_Work to be completed_.
For each record that follows, give it back exactly, with no pictures included.

━━━

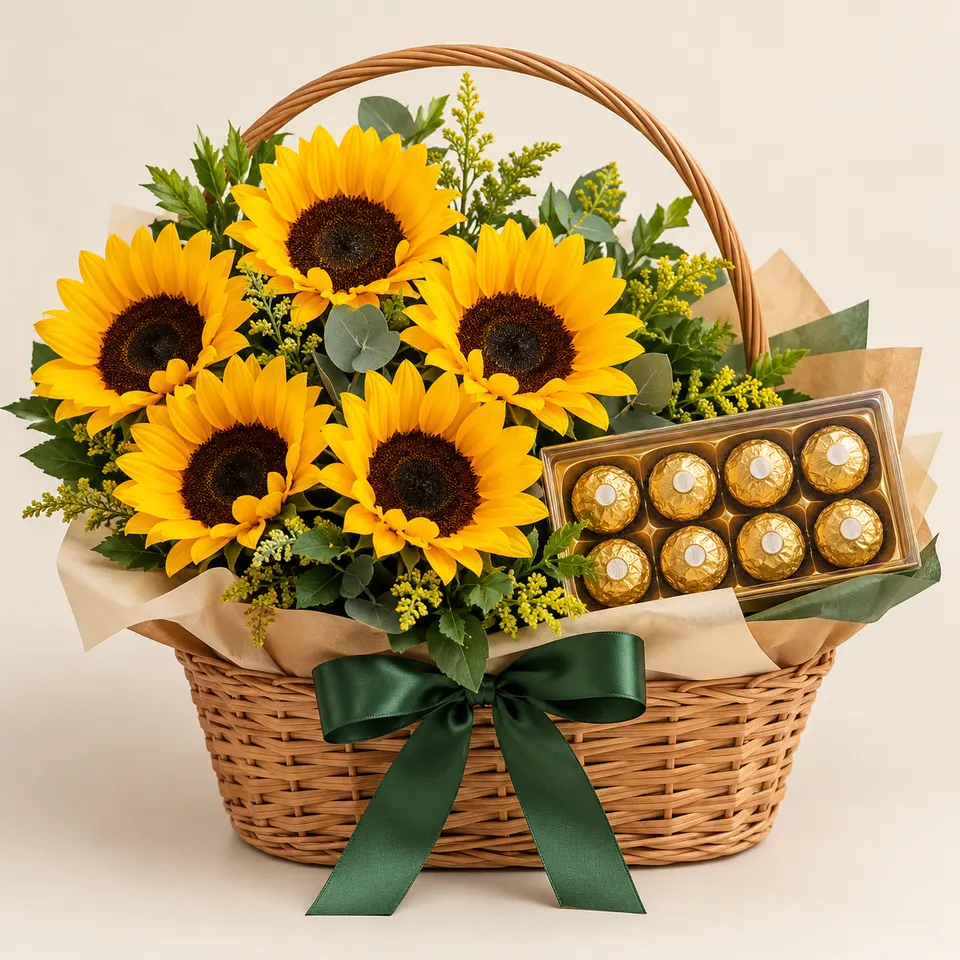 Cesta de Girassóis com Ferrero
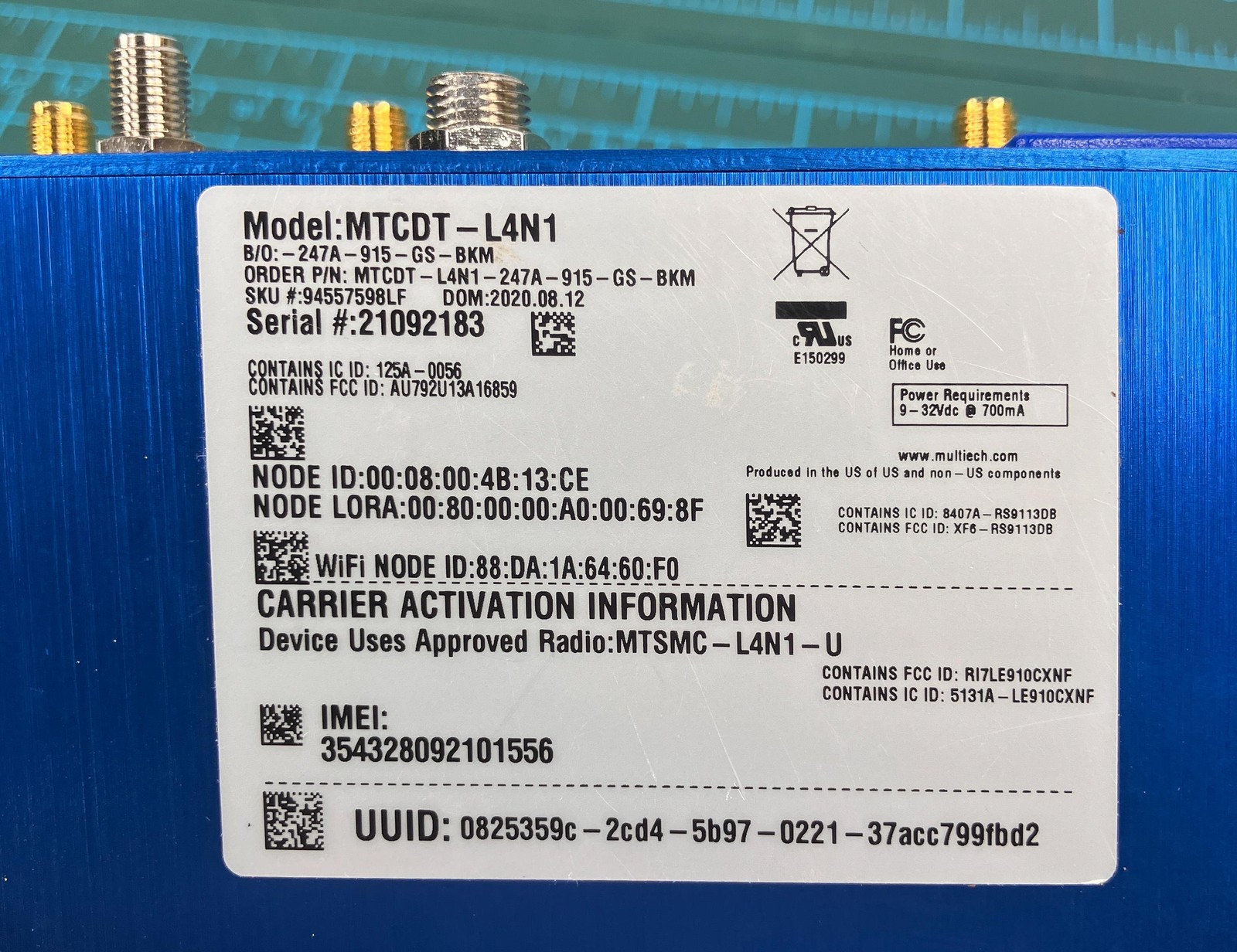 MultiTech MTCDT-L4N1-247A-915-GS-BKM Conduit LTE Gateway Blue GPS WiFi Ethernet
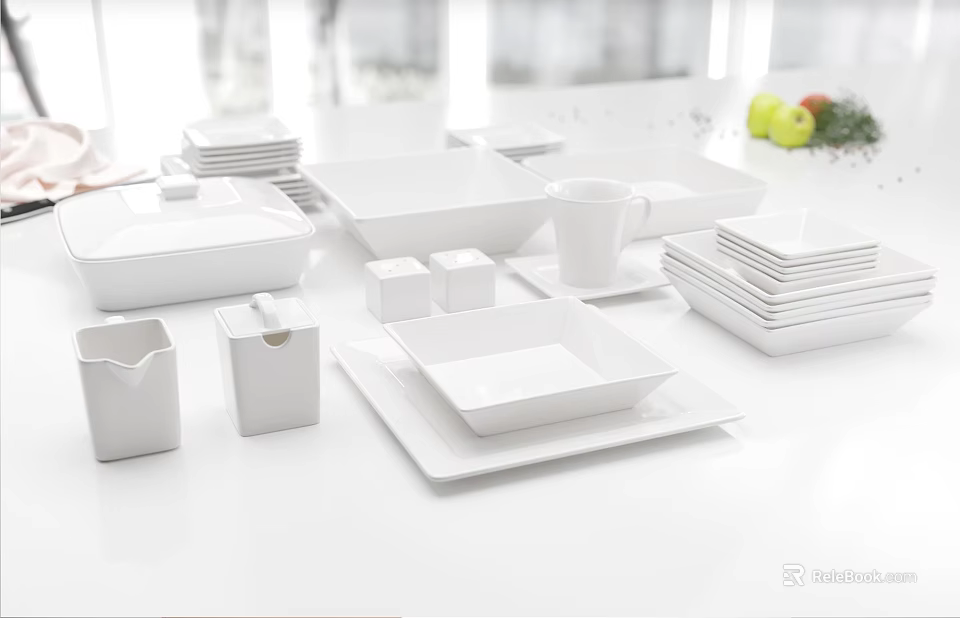 White Modern Dinnerware Set With Ceramic Plates Bowls Cups And Square Dishes 3d model 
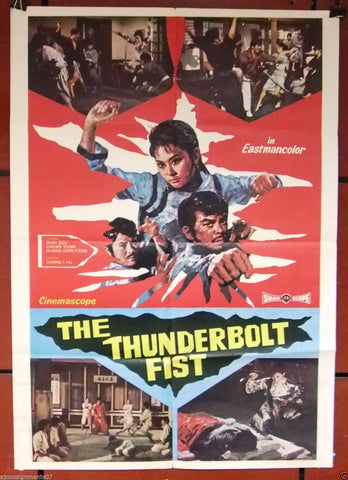 Thunderbolt Fist {James Nam} 38"x25" Kung Fu Original Italian Poster 70s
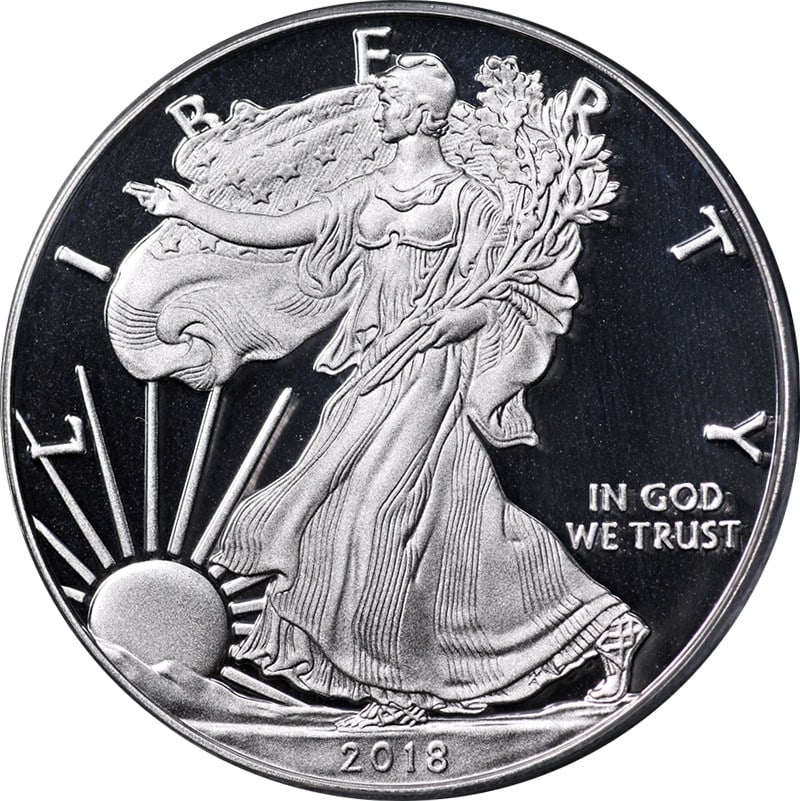 2018-W Silver American Eagle $1 PCGS PR70 DCAM First Strike Coin (1 of 4)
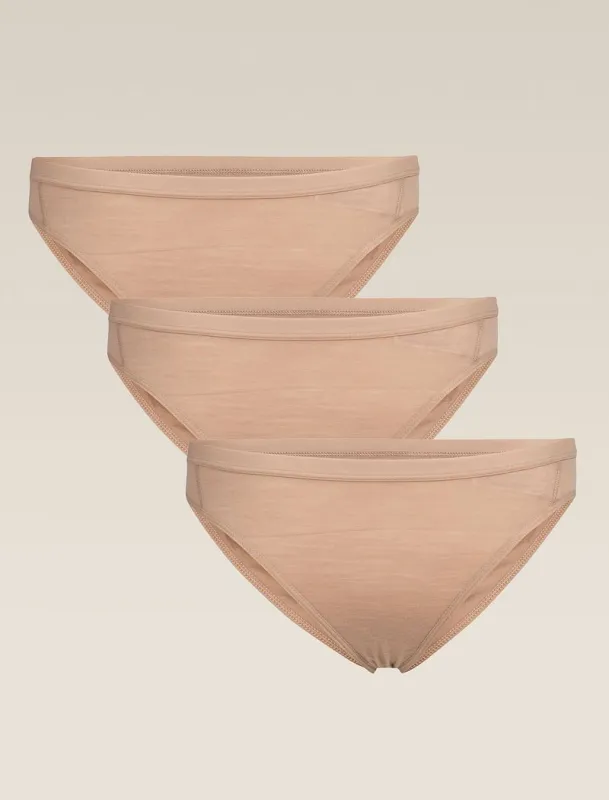 Icebreaker Merino Siren Bikini Briefs 3 Pack - Woman - Praline - Size XS sold by Icebreaker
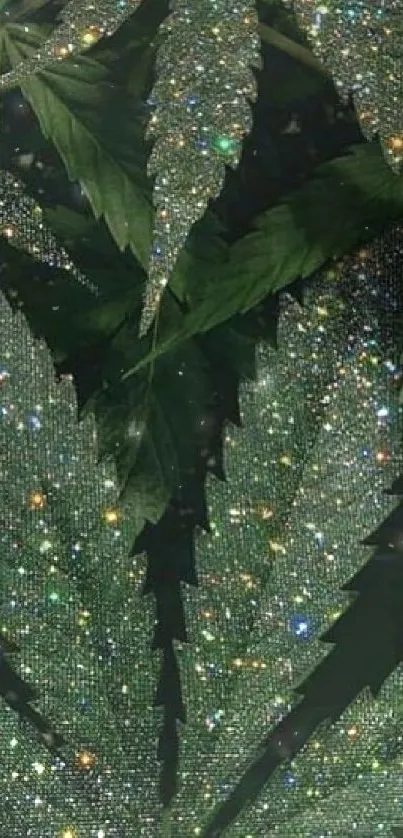 Sparkling leaves with glitter on a green background.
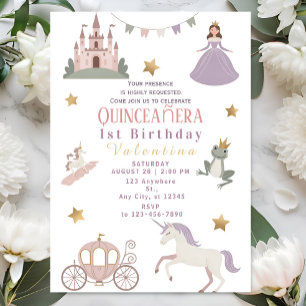 Fairytale Castle Baby Girl Birthday Party Invitation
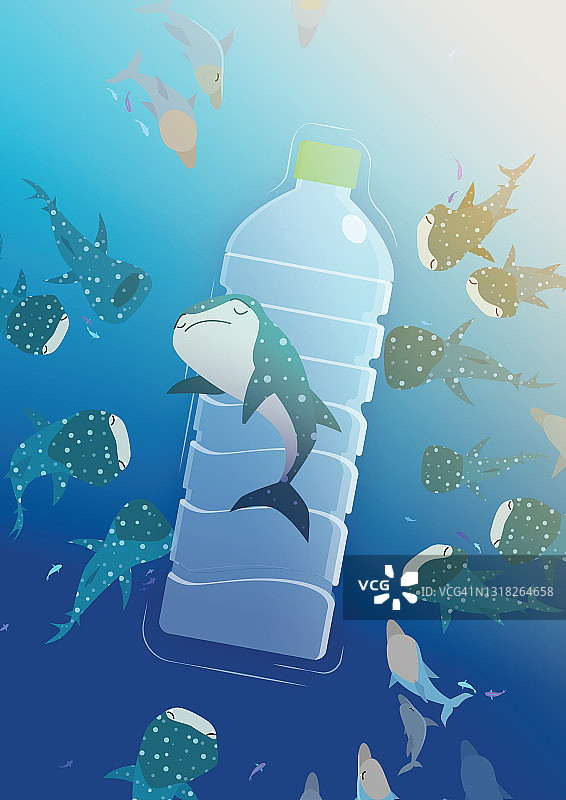鲸鲨躺在一个塑料瓶上，周围是它的海洋伙伴在一片垃圾。图片素材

━━━

_Answer space_.
 Cesta de Girassóis com Ferrero
 MultiTech MTCDT-L4N1-247A-915-GS-BKM Conduit LTE Gateway Blue GPS WiFi Ethernet
 White Modern Dinnerware Set With Ceramic Plates Bowls Cups And Square Dishes 3d model 
 Thunderbolt Fist {James Nam} 38"x25" Kung Fu Original Italian Poster 70s
 2018-W Silver American Eagle $1 PCGS PR70 DCAM First Strike Coin (1 of 4)
 Icebreaker Merino Siren Bikini Briefs 3 Pack - Woman - Praline - Size XS sold by Icebreaker
 Sparkling leaves with glitter on a green background.
 Fairytale Castle Baby Girl Birthday Party Invitation
鲸鲨躺在一个塑料瓶上，周围是它的海洋伙伴在一片垃圾。图片素材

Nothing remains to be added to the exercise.